The scientists obtained the image of a 30-nanometer fiber from a cryo-electron microscopy, and for the first time in the world, found its structure - a left-handed double-helix structure in which the double helixes wind to the left, opposite to the DNA structure.
"The DNA condensation is not a random event. You can imagine that when you try to roll the wool into a ball, you will follow certain rules so it won't get tangled," Xu explains.
"The DNA condensation process is much more carefully designed - it has such special mechanisms to ensure both condensation and relaxation of the DNA, depending on which genes are necessary for cell function at any given time."
As a result, the discovery will provide key information for unanswered genetic questions, the researchers say.
"These questions include why one identical twin may have lupus while the other does not; why a fertilized egg can differentiate into more than 200 different cells; and why some drugs that act on chromatin would be effective on curing cancer," says Li Guohong, a professor at the Institute of Biophysics at the Chinese Academy of Sciences, who led a team that studied chromatin in the research.
According to Li, the 30-nanometer fiber - secondary structure of chromatin - is crucial for gene expression.

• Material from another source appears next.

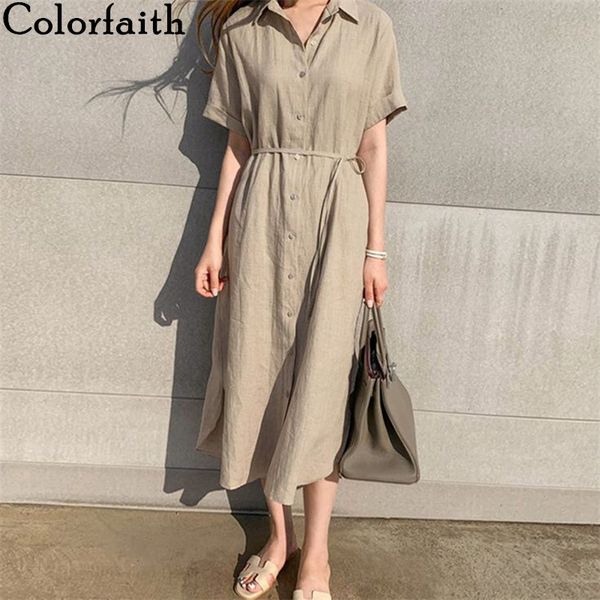 colorfaith new 2020 women summer shirt dress casual 3 colors loose fashionable split lace up cotton and linen long dress dr6700 t200603, White;black
colorfaith new 2020 women summer shirt dress casual 3 colors loose fashionable split lace up cotton and linen long dress dr6700 t200603, White;black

"DNA encodes the genetic information of all living organisms. However, not all the information is expressed. The selective expression of genetic information lies in the process of the relaxation of the DNA, which is decided by the way it was folded up, or the structure of the 30-nanometer fiber," he says.
Despite the international science community's acknowledgment of the function of the fiber, its structure had remained elusive over the past 30 years.
In the past, textbooks have described it as "solenoid" - an unsubstantiated hypothetical structure.
"Our discovery will definitely rewrite the textbooks," Li says.